El diputado del PSOE José Enrique Serrano Martínez, durante una intervención en el Congreso.
El diputado del PSOE José Enrique Serrano Martínez, durante una intervención en el Congreso.Fernando Alvarado

Aunque la enfermedad le minó en sus últimos años, José Enrique Serrano nunca dejó de estar informado, de leer el BOE, de ocuparse y preocuparse de su PSOE, de trabajar en defensa de la democracia española y de aconsejar a decenas de personas, políticos y periodistas, que buscaban su criterio. Sin la menor duda, el mejor criterio de persona cabal, socialista de cabeza y corazón, y por encima de todo, un hombre de Estado. Esta definición, que cae en desuso día tras día porque es una figura en extinción, estaba pensada para este hombre que ha muerto a los 75 años. Después de jugar un papel fundamental y decisivo en las últimas décadas y en diferentes gobiernos socialistas.

Hace cinco años, la muerte de Alfredo Pérez Rubalcaba fue un duro mazazo para él, ya que ambos eran estrechos colaboradores y representantes de un estilo de hacer política y de respetar las normas y las leyes como mejor servicio al país y a una siglas, las del PSOE, que siempre llevaron en la cabeza y en el corazón.

José Enrique Serrano se sabía la Constitución y la legislación mejor que nadie. No en vano había estado al cargo de las entrañas del Estado como director de Gabinete de dos presidentes del Gobierno, Felipe González y José Luis Rodríguez Zapatero. Dos personalidades socialistas tan distintas, y últimamente tan distantes, que sin embargo, están unidas en la gestión de Gobierno por este licenciado en Derecho que pronto descubrió su vocación de servidor público, sin necesidad de tener un cargo de relumbrón.

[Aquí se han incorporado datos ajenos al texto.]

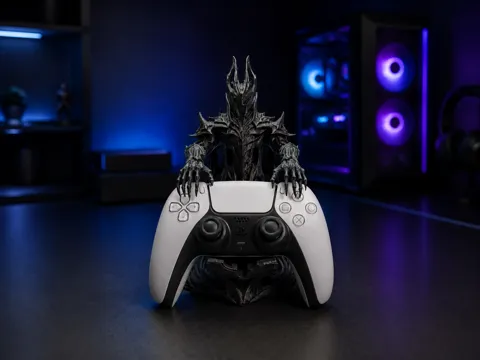 Soporte: The Dark Lord’s Throne – PS5 Controller Stand — referencia de MakerWorld
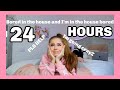 24 Hours in my BEDROOM Challenge!! || Ellie Louise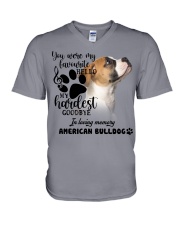 American Bulldog-CS1389-My Hardest V-Neck T-Shirt tile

Cuando Rubalcaba falleció repentina y prematuramente, muchos socialistas, observadores, analistas y periodistas se preguntaron a quién llamarían ahora para orientarse en la selva política en la que se había convertido el país. La única persona que podía sucederle como faro de la mejor política era José Enrique. No por ganas, sino porque lo consideraba una obligación ineludible, en sus últimos años se dedicó en cuerpo y alma, cuando la enfermedad le dejaba respirar que no era siempre, a defender el legado de la Transición y lo que la izquierda radical llamó despectivamente el régimen del 78.

Sus consejos eran solicitados por todas las instituciones del Estado, desde la primera, la Monarquía, hasta la última o más pequeña. Serrano era el hombre que resumía en su sabiduría la política con un sentido del servicio público. Muchos amigos le recomendaron que escribiera sus memorias. Algo hizo, pero no mucho. Coincidía con Rubalcaba en que lo que podía contar era poco interesante porque lo importante no podría escribirlo sin sentir que estaba traicionando su deber de lealtad y discreción.

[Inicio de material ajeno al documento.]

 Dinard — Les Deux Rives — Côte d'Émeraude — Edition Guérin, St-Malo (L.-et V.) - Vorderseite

José Enrique estuvo el la sala de máquinas de Moncloa con González y con Zapatero, por lo que la democracia española le debe mucho. Hay pocas personas tan respetadas dentro del PSOE. De todo el PSOE. Serrano sirvió con lealtad y responsabilidad al actual presidente del Gobierno, Pedro Sánchez, en los azarosos años del surgimiento de lo que se denominó «nueva política». Fue mandatado por el PSOE para buscar una salida a la cuestión catalana en tiempos de Rajoy, negoció el pacto con Ciudadanos que no llegó a ningún lado porque Podemos no se abstuvo para investir a Sánchez, y guio los primeros pasos en la construcción del organigrama de Gobierno que hizo presidente a Sánchez, y también presidió una comisión de estudio sobre la reforma de la Constitución. Fue su última aportación a la democracia y al parlamentarismo, del que fue un ardiente defensor.

Espantado, como tantos otros, de la deriva que está tomando la política española, José Enrique utilizaba la palabra «trastorno» para definir las graves crisis institucionales que sufre España. Y aunque no compartía las decisiones de Sánchez como presidente del Gobierno, su lealtad al socialismo español era más grande que su desacuerdo. Por eso guardó silencio y murió en silencio.